In Danksharding, each node produces one large block containing all shard blobs*, which is then validated and voted on by a committee. This effectively solves the previously mentioned problem of shard blocks not being promptly included in beacon blocks. Centralization of the block production process arising from the structure of Danksharding can be minimized through the introduction of Proposer Builder Separation (PBS). PBS is a method to encode the principle of "centralized block production, decentralized block validation" that Vitalik laid out in Endgame.
*Blob: Short for Binary Large Objects, Blob is a new data type that is stored only in the Beacon Chain. The concept of blobs was first introduced alongside Danksharding and is expected to be used primarily for storing rollup data.
3-2. Minimizing centralization: PBS (Proposer Builder Separation) and crList
Initially outlined in "Proposer/Block Builder Separation-friendly Fee Market Designs," PBS was primarily developed to decentralize MEV. However, its design and principles meshed well with the Danksharding architecture, leading to its subsequent integration within that structure.

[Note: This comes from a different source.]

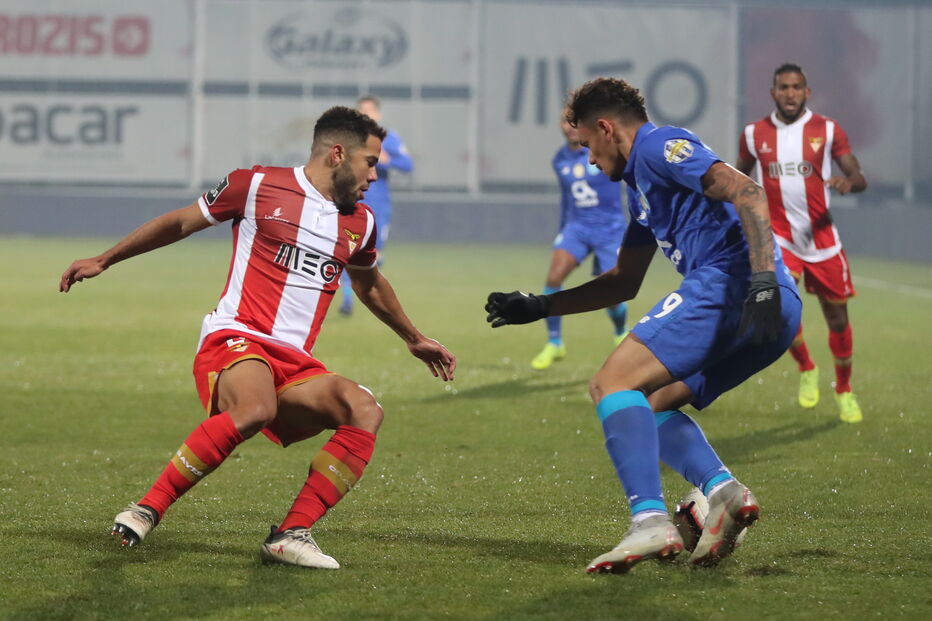  Desportivo das Aves e FC Porto defrontam-se para a Liga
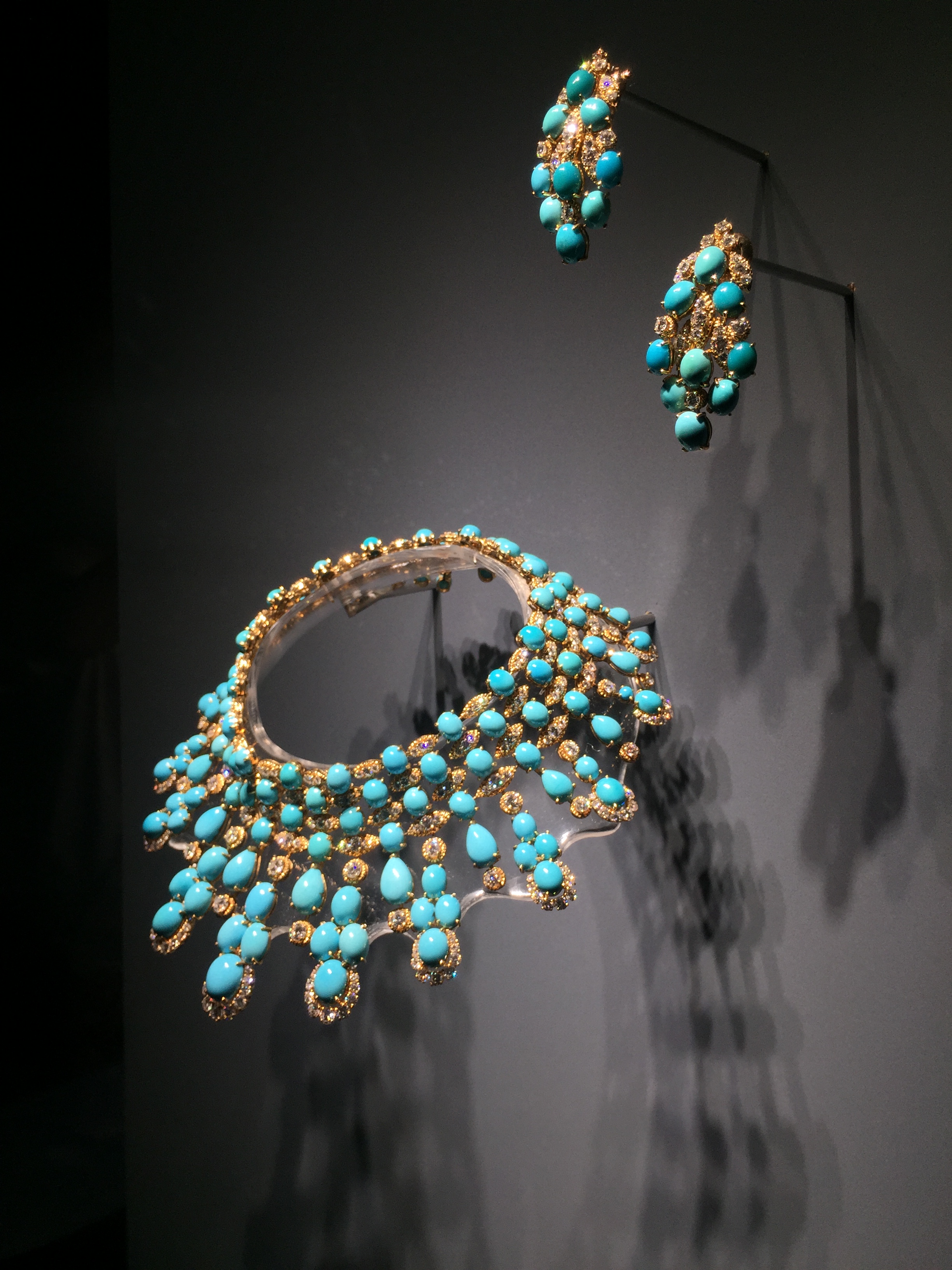 梵克雅宝黑色的四叶草是什么宝石,梵克雅宝四叶草是珠宝吗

MEVs are predominantly leveraged by a small number of powerful nodes that have the HW to update the mempool swiftly and resources to develop advanced MEV algorithms. Basically, PBS revolves around the idea of splitting the role of a block producer into a proposer and a builder, offering a chance for nodes with lower computing power and fewer resources to obtain MEV. Builders are powerful validators capable of developing advanced MEV algorithms and responsible for ordering transactions and creating blocks. Proposers, on the other hand, have the power to decide which of the blocks proposed by builders will be recorded on the chain.
With PBS, even the most computationally powerful nodes will have to share MEV gains with proposers. This stands in contrast to the previous process, whereas previously a single validator had a monopoly on transaction inclusion and block generation. In this process, the proposer receives the bid amount, and the builder receives the MEV, minus transaction fees and the bid amount.
It's important to note that during the bidding process, builders publish only the block header and the desired bid price first, instead of the entire block data. Releasing the full block data upfront could allow other builders to copy the transaction and take the MEV. This is why the full block data is only released after the proposer has selected the block.
Two-slot PBS architecture | Source: Two-slot proposer/builder separation
One problem with PBS is that it delegates block creation authority to builders, potentially compromising censorship-resistance. To address this, the Ethereum community is planning to introduce the Censorship Resistance List (CrList). Once CrList is implemented, the transaction flow is expected to be as follows:
- A proposer broadcasts a crList containing all valid transactions in their mempool to a builder.
- The builder constructs a block based on the transactions in the crList and submits it to the proposer. In doing so, the builder includes a transaction hash in the block body that proves that it contains all the transactions from the crList.
- The proposer selects the block with the highest bid, constructs the block header, and notifies the nodes.
- The builder submits a block and a proof that it has included all transactions from the crList.
- The block is added to the chain. If the builder does not submit a proof, the block will not be accepted by the fork choice rule.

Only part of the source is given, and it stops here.